Szkoła w Lublinie zrezygnowała z wystawiania jedynek. Są już pierwsze, pozytywne efekty.

VI Liceum Ogólnokształcącym im. Hugona Kołłątaja w Lublinie wdrożyło zmiany w dzienniku elektronicznym. Chodzi o system oceniania uczniów. Szkoła zrezygnowała bowiem z wystawiania ocen niedostatecznych. „Oceniamy zdobytą wiedzę i umiejętności, a nie ich brak” – komentuje sprawę dyrektorka tamtejszego liceum.

Zamiast jedynki – X

Pomysł przed wpisaniem go do szkolnego statutu był konsultowany z uczniami i ich rodzicami. W wypełnionych ankietach większość opowiedziała się „za”.
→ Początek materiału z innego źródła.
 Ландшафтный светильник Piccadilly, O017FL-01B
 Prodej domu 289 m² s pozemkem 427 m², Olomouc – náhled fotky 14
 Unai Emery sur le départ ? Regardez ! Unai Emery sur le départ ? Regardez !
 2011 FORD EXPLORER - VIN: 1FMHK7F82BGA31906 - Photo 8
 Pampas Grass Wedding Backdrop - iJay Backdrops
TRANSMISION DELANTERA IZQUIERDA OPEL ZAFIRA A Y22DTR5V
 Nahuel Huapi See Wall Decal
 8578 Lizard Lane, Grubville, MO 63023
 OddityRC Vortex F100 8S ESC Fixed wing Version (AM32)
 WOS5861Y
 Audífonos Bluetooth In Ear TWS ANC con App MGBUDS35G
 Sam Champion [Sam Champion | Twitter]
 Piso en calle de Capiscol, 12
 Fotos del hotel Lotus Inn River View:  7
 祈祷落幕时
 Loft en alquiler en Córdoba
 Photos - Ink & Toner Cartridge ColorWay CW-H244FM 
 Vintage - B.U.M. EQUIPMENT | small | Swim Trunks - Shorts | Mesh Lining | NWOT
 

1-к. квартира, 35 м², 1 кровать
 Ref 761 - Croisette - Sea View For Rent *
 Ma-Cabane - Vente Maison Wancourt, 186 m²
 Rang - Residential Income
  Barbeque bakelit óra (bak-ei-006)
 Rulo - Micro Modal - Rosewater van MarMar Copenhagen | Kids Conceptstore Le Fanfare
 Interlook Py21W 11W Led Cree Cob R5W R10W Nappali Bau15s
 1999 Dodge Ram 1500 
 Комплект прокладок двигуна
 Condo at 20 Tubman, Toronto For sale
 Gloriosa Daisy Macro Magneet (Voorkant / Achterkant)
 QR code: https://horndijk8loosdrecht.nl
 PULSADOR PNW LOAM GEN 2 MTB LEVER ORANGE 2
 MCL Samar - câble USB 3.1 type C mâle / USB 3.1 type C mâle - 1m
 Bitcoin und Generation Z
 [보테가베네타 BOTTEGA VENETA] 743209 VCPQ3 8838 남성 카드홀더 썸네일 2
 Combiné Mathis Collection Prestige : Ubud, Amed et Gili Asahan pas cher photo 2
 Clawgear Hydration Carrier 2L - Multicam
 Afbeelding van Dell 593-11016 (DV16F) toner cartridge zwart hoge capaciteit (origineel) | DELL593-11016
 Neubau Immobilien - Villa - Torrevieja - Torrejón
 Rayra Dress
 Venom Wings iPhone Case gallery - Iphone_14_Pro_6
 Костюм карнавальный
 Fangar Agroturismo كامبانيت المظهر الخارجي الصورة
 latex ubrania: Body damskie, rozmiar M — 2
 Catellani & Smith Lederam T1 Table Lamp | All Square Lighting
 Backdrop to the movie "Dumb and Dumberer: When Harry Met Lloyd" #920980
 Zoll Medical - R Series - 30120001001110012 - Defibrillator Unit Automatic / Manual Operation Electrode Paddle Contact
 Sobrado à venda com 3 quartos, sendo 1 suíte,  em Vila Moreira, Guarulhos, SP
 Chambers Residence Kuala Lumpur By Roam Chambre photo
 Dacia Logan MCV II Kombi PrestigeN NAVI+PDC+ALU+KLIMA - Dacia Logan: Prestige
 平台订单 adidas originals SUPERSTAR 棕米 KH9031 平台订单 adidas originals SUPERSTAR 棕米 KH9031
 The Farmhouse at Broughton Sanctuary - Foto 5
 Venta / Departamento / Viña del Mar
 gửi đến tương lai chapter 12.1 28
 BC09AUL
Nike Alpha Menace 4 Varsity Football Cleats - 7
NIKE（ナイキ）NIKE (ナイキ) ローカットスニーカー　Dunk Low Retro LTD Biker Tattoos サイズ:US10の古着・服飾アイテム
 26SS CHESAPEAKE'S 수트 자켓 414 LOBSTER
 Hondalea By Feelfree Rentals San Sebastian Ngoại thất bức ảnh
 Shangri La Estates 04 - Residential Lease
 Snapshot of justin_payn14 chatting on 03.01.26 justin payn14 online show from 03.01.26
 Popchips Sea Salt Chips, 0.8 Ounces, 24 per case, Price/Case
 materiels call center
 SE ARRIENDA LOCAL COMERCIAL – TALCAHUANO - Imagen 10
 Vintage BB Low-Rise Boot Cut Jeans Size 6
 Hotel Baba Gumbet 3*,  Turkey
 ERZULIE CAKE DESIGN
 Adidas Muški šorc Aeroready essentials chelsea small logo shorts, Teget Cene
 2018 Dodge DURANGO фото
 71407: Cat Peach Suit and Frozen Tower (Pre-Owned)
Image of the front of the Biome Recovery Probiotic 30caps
„Po przeprowadzeniu konsultacji z rodzicami i uczniami, okazało się że ci ostatni najbardziej się stresują, gdy dostają oceny niedostateczne. Stąd też od 1 września nie stawiamy, w trakcie realizacji podstawy programowej, jedynek” – wyjaśniała Marzena Kamińska, dyrektorka VI Liceum Ogólnokształcącym im. Hugona Kołłątaja w Lublinie. Rozmowa w programie „Dzień Dobry TVN”.

Według wprowadzonych zmian w systemie oceny, uczniowie nie dostają ocen niedostatecznych. W zamian za to do elektrycznych dzienników wpisywane są „X”. Z czasem, gdy uczeń uzupełni wiedzę, mogą zamienić się one w standardową ocenę od 2 do 6.

Wątpliwości budzi sytuacja, gdy uczeń miałby dużą ilość „iksów”. Okazuje się, że w takim przypadku nie dostałby promocji do następnej klasy. Dyrektorka liceum wyjaśniła, że na koniec semestru obowiązuje klasyczny system oceniania wiedzy, czyli od 1 do 6.

Uczniowie mają możliwość poprawienia grożącego im złego stopnia, po wystawieniu ocen prognozowanych.

Nauczyciel, który uzna, że uczeń nie wykazuje się odpowiednią wiedzą, nie stawia tzw. jedynki.

„[…] Pozytywnie odnieśli się też nauczyciele. Niewiele osób o tym wie, ale nie lubimy wystawiać jedynek, bo wywołuje to u nas bardzo nieprzyjemne emocje” – tłumaczyła dyrektor szkoły. 

Rozporządzenie ministra narzuca wystawianie ocen w skali 1-6 na koniec semestru. Okazuje się jednak, że nie trzeba stosować tej skali w czasie realizacji podstawy programowej.

Co o zmianach sądzą uczniowie?

Uczniowie optymistycznie zareagowali za zmiany. Twierdzą, że teraz są bardziej zmotywowani i powrót do szkół po lockdownie był łatwiejszy. Odczuwają również mniejszy stres. Młodzież mówi, że ocena niedostateczna wskazywała, że coś jest ewidentnie nie tak, byli zniechęceni. Uczniowie traktują natomiast „iksy” jako znak, że materiał nie został w pełni zrealizowany i należy nad tym popracować. Puste miejsce w dzienniku traktują jako motywacje, aby luka zapełniona była satysfakcjonującą oceną.

Jak twierdzi dyrekcja, nowa metoda oceniania już daje pierwsze efekty. Z analiz przeprowadzanych przez szkołę wynika, że dzieci są bardziej aktywne na zajęciach, a oceny ze sprawdzianów się polepszyły.